大学一回生のある日、人との待ち合わせに少し早く着いてしまって、食堂のテーブルでカミュの『シーシュポスの神話』を読んでいた。カバンにはいつもその本が入っていて、外装もボロボロ。もともと僕は本のカバーをつけないので、お気に入りの本は大体ボロボロになっていく。そんな本を、読むともなく読んでいた時のことだ、もう20年以上前のこと。赤ん坊が生まれて成人になるだけの時間が過ぎている。でもまだ一週間前のことのように思い出せる記憶の一つ。

食堂は大学らしい軽薄な喧騒に満ちていて、昼休みに入るとどこかでバンドの演奏が始まった。今年大学に入った1年生たちが知らない、大学と言うシステムの中で繰り広げられる、愛すべき日常の風景。奪われて初めて見えてくる貴重な無駄。

突然本の向こうから顔を出したのは、待ち合わせに幾分遅れてきた女の子だった。何か文句の一つでも言おうと思った矢先に、僕に向かって言った言葉が印象的で、だからこの瞬間のことを思い出す。

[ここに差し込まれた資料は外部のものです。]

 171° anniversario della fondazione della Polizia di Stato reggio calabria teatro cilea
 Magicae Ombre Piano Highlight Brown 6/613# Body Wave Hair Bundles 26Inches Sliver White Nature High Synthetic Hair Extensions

「これよく読んでるけど、なんでおんなじ本何度も読むん?」

不意を突かれたせいもあって、言葉が出てこない。そして言葉が出てこないまま、僕らは約束していたバンド用の機材を買うために歩き始めてしまった。あの問いに答えられないまま、20年も経ってしまった。彼女は元気にやってるのだろうか。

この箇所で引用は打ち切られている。